Collected data entries:
▶
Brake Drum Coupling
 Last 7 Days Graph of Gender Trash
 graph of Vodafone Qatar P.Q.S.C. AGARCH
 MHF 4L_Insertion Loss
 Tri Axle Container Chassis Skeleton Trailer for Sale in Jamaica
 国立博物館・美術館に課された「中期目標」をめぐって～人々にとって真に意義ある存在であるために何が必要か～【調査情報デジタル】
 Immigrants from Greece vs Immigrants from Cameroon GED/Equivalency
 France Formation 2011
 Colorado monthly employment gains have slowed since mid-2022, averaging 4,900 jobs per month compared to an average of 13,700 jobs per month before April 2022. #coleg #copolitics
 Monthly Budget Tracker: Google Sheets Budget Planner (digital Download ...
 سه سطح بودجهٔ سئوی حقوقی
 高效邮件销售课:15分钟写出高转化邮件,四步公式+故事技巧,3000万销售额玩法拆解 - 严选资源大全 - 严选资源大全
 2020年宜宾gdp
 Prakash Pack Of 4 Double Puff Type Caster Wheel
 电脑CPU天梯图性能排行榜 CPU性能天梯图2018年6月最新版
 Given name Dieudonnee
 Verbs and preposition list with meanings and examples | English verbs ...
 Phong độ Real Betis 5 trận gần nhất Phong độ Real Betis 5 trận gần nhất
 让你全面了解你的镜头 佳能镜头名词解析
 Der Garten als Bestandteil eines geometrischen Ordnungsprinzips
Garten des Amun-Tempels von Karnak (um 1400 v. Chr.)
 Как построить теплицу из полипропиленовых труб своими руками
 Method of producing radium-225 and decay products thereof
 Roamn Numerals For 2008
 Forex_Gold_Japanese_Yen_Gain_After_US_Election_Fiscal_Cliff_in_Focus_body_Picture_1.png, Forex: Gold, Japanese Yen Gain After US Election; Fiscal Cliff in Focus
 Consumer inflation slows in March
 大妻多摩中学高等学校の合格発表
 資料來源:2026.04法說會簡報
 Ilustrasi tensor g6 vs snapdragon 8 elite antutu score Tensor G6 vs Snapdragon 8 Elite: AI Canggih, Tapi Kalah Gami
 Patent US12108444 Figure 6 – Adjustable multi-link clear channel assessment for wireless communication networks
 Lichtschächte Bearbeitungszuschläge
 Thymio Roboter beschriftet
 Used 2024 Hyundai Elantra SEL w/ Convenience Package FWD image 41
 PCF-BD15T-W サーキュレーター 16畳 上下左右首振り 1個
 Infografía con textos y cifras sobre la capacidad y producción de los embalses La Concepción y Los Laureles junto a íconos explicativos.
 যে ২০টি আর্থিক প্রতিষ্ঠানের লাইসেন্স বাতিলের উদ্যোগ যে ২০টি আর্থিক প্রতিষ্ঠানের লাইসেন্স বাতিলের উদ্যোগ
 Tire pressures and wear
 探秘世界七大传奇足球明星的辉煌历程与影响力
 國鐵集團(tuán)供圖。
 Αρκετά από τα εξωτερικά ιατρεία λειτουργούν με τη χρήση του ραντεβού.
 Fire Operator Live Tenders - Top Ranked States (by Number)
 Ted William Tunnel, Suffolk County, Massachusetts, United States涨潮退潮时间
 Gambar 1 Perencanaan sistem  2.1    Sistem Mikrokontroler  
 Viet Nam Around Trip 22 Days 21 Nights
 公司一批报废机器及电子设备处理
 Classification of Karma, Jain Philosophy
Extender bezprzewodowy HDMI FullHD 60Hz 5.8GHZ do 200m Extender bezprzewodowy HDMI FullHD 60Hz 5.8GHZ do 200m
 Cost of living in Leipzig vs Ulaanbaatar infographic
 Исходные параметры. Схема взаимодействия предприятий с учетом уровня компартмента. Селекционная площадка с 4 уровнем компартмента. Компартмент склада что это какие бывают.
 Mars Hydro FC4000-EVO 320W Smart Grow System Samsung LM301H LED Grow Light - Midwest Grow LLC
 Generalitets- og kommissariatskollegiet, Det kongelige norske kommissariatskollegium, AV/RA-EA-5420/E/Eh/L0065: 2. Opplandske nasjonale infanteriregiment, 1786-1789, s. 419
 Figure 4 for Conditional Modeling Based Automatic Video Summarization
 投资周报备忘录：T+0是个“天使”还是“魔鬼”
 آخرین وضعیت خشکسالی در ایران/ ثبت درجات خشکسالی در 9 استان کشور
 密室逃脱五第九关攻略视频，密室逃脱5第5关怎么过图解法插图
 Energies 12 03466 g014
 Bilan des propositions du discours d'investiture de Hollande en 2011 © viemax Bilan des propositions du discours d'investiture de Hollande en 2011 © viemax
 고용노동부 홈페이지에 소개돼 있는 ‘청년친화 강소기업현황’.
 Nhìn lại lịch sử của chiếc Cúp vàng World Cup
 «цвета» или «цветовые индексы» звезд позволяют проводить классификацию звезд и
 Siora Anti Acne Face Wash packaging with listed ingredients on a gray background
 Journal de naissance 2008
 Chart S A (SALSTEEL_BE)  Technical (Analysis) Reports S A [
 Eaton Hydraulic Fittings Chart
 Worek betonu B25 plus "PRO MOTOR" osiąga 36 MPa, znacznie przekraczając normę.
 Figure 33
◀
* How to complete this task *
If a line above holds the string "Garten", copy it out.

* Task answer *
 Der Garten als Bestandteil eines geometrischen Ordnungsprinzips
Garten des Amun-Tempels von Karnak (um 1400 v. Chr.)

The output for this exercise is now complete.